Hal itu mungkin benar saja, tidak disalahkan karena benar adanya kata takjilan yang digunakan saat ini terutama di Indonesia bermakna seperti itu. Namun, jika kita tilik lebih jauh, kata takjilan sendiri maknanya sangat berbanding terbalik dengan makna aslinya.
Asal Kata Takjilan
Takjilan sendiri berasal dari bahasa Arab seperti yang dikutip dari web Muhammadiyah, yakni "ajjala-yu'ajjilu-ta'jilan," ini artinya momentum, tergesa-gesa, menyegerakan, atau mempercepat. Sedangkan jika ditinjau dari kamus besar bahasa Indonesia (KBBI), takjilan memiliki dua arti yakni "mempercepat berbuka puasa" dan "makanan untuk berbuka puasa".
Dari dua pemaknaan tersebut baik dari bahasa arab dan KBBI, makna takjilan yang sebenarnya adalah menyegerakan berbuka bukan proses untuk membeli makanan berbuka. Dapat ditarik kesimpulan seiring berkembangnya waktu pemaknaan tentang takjilan dari menyegerakan berbuka menjadi membeli makanan berbuka atau makanan-makanan berbuka. Tidak ada yang keliru hanya perspektif tentang takjilan yang berubah, tetapi asal katanya tetap berarti menyegerakan, konteks penggunaannya saja yang berkembang.
Sejarah Tradisi Takjil Di Indonesia
Tidak banyak tulisan terkait sejarah takjilan di Indonesia, tetapi ada satu yang dapat dilihat, yakni pada catatan Snouck Hugronje dalam De Atjehers ini disusun pada 1891-1892. Pada catatan tersebut mengungkapkan bahwa takjil sudah dikenal oleh masyarakat Aceh di bulan Ramadan kala itu. Berdasarkan tulisannya, masyarakat Aceh tiap menjelang berbuka puasa mereka beramai-ramai bersiap menyantap takjil di masjid.
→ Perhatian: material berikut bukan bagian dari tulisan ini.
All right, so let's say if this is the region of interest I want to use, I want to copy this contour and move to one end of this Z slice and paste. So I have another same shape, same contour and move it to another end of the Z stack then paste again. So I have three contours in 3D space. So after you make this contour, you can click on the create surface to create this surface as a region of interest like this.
Biasanya mereka menyantap bersama menu khas yakni "e bu peudah" atau bubur pedas.
Tidak hanya ada di Aceh, sejarah takjilan juga tersebar di Yogyakarta, dengan pihak yang berperan dalam penyebaran tradisi ini yakni organisasi islam Muhammadiyah yang didirikan di Yogyakarta pada 1912. Hal ini dapat dilihat dari buku Ahmad Dahlan: Jejak Pembaruan Sosial dan Kemanusiaan (2010).
Dalam buku tersebut menyebutkan bahwa Muhammadiyah berperan besar dalam menyebarkan tradisi takjilan di wilayah Yogyakarta. Abdul Munir Mulkhan, juga menambahkan bahwa Muhammadiyah tidak hanya menyebarkan budaya takjilan, tetapi juga mempopulerkan kebiasaan mengakhiri sahur menjelang subuh, Jdi sebelum azan subuh sudah tidak boleh lagi makan.
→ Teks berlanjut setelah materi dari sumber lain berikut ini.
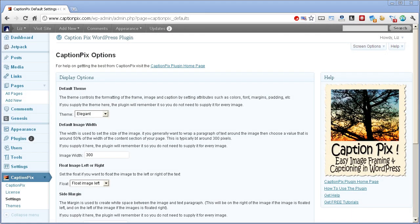Because we've some defaults set up on our settings page, we don't need to specify these things to CaptionPix again if the defaults fit with what we need. In this case, you can get started by using just two parameters. First, you type in a square bracket, followed by the word CaptionPix. That tells WordPress you want to use the CaptionPix plugin.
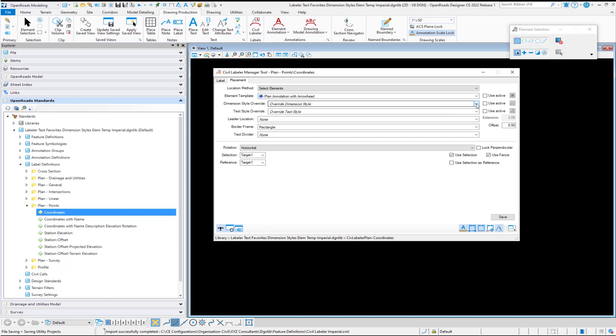Those are the five requirements to set up a label to use with the Civil Labeler tool: element templates, dimension styles, text styles, text favorites, and then the label definitions themselves.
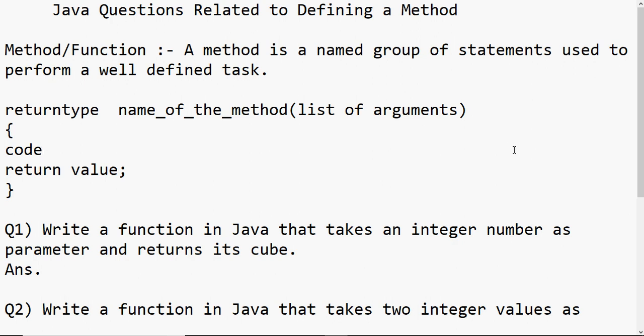Hey everyone, this is Anjali and in this video I'm going to explain how to use methods in Java. Some students in the comments have asked me to solve questions where the board exam asks you to write a method to solve a particular problem. Before doing that, you should know what a method is. A method can also be called a function — both terms mean the same thing. A method is basically a named group of statements used to perform a well-defined task, which I can call any number of times in my program.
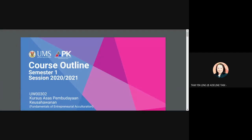Can you see the slide I present? Yes, okay, thank you. It's a bit windy outside. I have almost 70 students already. Just for your information, the course today is Asas Muhudayan Gosawanan — the Entrepreneurial Acculturation Course UW003.302. This is our first lecture. I will record the lecture for those who cannot attend and post it on YouTube later.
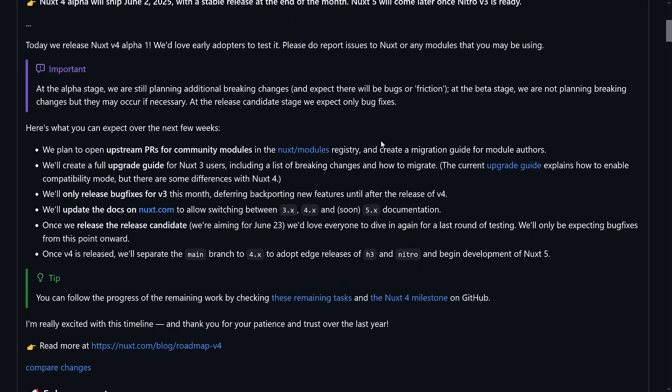Luckily, compared to V2 to V3 — the painful migration — V4 doesn't have that many moving pieces. There's a good amount of breaking changes, but not too many to deal with, and mostly they are towards module authors or when you go really deep into the internals of Nuxt. And of course the folder structure change, which I've talked about in a different video. There will be a full upgrade guide available, updated when the stable Nuxt 4 folder release happens.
Semarak Takjilan Ramadan 1445-H
Tahun ini tentunya tidak berbeda dengan tahun-tahun Ramadan sebelumnya. Pemaknaan takjilan tetap menjadi hal yang dilakukan untuk berburu makanan berbuka. Contoh sendiri di Masjid UIN Sunan Kalijaga. Sebelum masuk ke masjid disekitar pelantaran akan tersedia banyak tenant yang berdiri. Terlihat jajanan ringan hingga berat, makanan manis hingga pedas, minuman dingin dari cup small hingga large.